Versi dasar RM-70 “Grad” punya bobot 33,7 ton dengan panjang kendaraan 8,75 meter. Dalam satu unit, lazimnya diawaki enam personil baik untuk mobilitasnya yang punya kecepatan maksimal 85 kilometer per jam dan untuk daya gempurnya dengan kapasitas 40 roket kaliber 122,4 mm. Persenjataan sekundernya diperkuat sepucuk senapan mesin Uk vz.59
“Roket yang digunakan biasanya masih roket Soviet 9M22 dan 9M28, atau roket lokal pengembangan mandiri dengan kaliber yang sama. Penggunaan truk Tatra 813 itu sangat berguna karena membuatnya punya ruang yang lebih dari cukup untuk membawa sistem peluncur berisi 40 roket. Roket-roketnya bisa ditembakkan satu per satu atau dengan metode volley fire dengan area penghancuran mencapai tiga hektare dalam sekali volley,” lanjut Skaarup.
Baca juga: Tank Gaek Bertahan Hidup
Selain digunakan ČSLA, mulanya RM-70 dibuat untuk pesanan di antara circle blok Timur seperti Jerman Timur dan Bulgaria. Pasca-kolapsnya Uni Soviet, RM-70 diekspor ke sejumlah negara Eropa Barat, Amerika Utara dan Amerika Selatan, Afrika, hingga Asia.
Maka RM-70, baik versi dasar maupun versi-versi lanjutan, hampir selalu eksis di berbagai palagan. Perang Sahara Barat (1975-1991), konflik Afghanistan (1978-2001), Perang Saudara Sri Lanka (1983-2009), hingga Perang Saudara Yaman (sejak 2014) dan operasi militer Rusia ke Ukraina yang masih berkobar sampai sekarang.
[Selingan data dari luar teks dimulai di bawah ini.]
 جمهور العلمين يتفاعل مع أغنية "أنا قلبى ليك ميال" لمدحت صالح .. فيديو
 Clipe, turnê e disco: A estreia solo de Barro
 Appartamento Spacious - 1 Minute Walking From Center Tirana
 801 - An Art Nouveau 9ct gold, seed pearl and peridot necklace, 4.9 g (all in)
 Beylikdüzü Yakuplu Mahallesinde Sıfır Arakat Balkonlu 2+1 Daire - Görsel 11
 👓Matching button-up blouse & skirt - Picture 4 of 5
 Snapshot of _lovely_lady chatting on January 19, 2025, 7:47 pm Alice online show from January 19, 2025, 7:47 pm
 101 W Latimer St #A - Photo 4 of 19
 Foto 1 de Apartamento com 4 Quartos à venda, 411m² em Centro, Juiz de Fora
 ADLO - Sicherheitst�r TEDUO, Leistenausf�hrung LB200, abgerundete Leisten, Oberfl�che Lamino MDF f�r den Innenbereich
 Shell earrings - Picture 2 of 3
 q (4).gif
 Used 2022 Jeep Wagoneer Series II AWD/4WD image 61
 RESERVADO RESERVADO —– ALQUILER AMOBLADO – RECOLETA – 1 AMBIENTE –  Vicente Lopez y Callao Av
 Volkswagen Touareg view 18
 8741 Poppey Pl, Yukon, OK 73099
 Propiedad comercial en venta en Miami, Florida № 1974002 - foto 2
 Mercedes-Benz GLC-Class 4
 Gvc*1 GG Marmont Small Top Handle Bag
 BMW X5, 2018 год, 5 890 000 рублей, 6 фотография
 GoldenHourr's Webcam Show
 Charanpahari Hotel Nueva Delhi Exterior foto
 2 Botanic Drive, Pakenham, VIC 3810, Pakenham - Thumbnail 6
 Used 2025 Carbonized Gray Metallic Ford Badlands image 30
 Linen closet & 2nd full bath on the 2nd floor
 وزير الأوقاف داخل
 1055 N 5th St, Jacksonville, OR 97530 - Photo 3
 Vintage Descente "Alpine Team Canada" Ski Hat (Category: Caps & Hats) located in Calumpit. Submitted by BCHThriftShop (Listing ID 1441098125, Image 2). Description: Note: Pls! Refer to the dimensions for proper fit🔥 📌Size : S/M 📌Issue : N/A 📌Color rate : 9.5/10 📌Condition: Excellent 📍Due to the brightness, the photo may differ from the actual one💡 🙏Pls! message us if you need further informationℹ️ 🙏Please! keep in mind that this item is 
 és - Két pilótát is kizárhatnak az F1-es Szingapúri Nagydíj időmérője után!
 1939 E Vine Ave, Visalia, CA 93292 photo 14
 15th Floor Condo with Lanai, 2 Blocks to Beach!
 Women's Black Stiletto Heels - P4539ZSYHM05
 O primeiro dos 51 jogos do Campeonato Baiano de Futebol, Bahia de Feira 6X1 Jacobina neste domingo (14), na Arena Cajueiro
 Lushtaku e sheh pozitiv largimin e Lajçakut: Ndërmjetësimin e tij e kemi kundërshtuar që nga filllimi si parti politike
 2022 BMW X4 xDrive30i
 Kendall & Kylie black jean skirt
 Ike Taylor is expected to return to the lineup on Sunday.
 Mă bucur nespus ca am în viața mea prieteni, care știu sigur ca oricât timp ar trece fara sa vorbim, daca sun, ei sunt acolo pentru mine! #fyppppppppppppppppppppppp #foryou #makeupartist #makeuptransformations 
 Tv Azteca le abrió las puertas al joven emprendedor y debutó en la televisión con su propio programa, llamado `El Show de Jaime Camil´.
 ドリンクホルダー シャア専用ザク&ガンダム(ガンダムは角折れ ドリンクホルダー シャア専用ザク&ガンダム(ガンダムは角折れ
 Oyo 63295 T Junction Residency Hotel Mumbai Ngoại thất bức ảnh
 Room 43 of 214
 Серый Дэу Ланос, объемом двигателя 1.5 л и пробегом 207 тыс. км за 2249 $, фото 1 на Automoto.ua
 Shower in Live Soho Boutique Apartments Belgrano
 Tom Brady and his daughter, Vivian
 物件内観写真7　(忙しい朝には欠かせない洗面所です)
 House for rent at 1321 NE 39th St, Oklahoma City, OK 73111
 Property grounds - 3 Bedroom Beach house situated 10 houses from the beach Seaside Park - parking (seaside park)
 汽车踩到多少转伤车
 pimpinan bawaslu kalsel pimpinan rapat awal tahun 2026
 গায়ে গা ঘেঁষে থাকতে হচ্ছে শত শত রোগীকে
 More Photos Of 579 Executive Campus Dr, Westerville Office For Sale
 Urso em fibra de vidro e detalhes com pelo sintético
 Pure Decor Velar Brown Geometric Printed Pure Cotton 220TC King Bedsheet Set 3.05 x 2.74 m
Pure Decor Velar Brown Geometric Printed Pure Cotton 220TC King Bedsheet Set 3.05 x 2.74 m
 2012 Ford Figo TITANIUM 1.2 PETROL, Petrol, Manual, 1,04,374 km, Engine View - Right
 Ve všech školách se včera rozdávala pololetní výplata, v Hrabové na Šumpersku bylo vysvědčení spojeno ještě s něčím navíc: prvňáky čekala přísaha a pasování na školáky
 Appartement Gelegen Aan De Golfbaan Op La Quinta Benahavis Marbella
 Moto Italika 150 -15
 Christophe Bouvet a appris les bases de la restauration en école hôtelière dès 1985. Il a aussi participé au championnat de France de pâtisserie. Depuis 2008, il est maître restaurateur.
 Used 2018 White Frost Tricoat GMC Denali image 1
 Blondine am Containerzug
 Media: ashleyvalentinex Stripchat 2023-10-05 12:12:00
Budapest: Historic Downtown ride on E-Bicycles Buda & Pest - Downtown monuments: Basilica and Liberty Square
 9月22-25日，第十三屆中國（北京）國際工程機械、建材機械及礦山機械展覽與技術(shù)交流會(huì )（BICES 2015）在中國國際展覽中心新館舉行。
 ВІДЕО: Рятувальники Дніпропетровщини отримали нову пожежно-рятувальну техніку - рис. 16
Indonesia sendiri, khususnya Korps Marinir, memiliki sembilan unit RM-70 “Grad” sejak 2003. Sementara RM-70 “Vampire” yang termutakhir sebanyak delapan unit baru memperkuat Batalyon Roket-1 Marinir sejak 2016, yang acap digunakan untuk beragam latihan rutin korps dan latihan gabungan.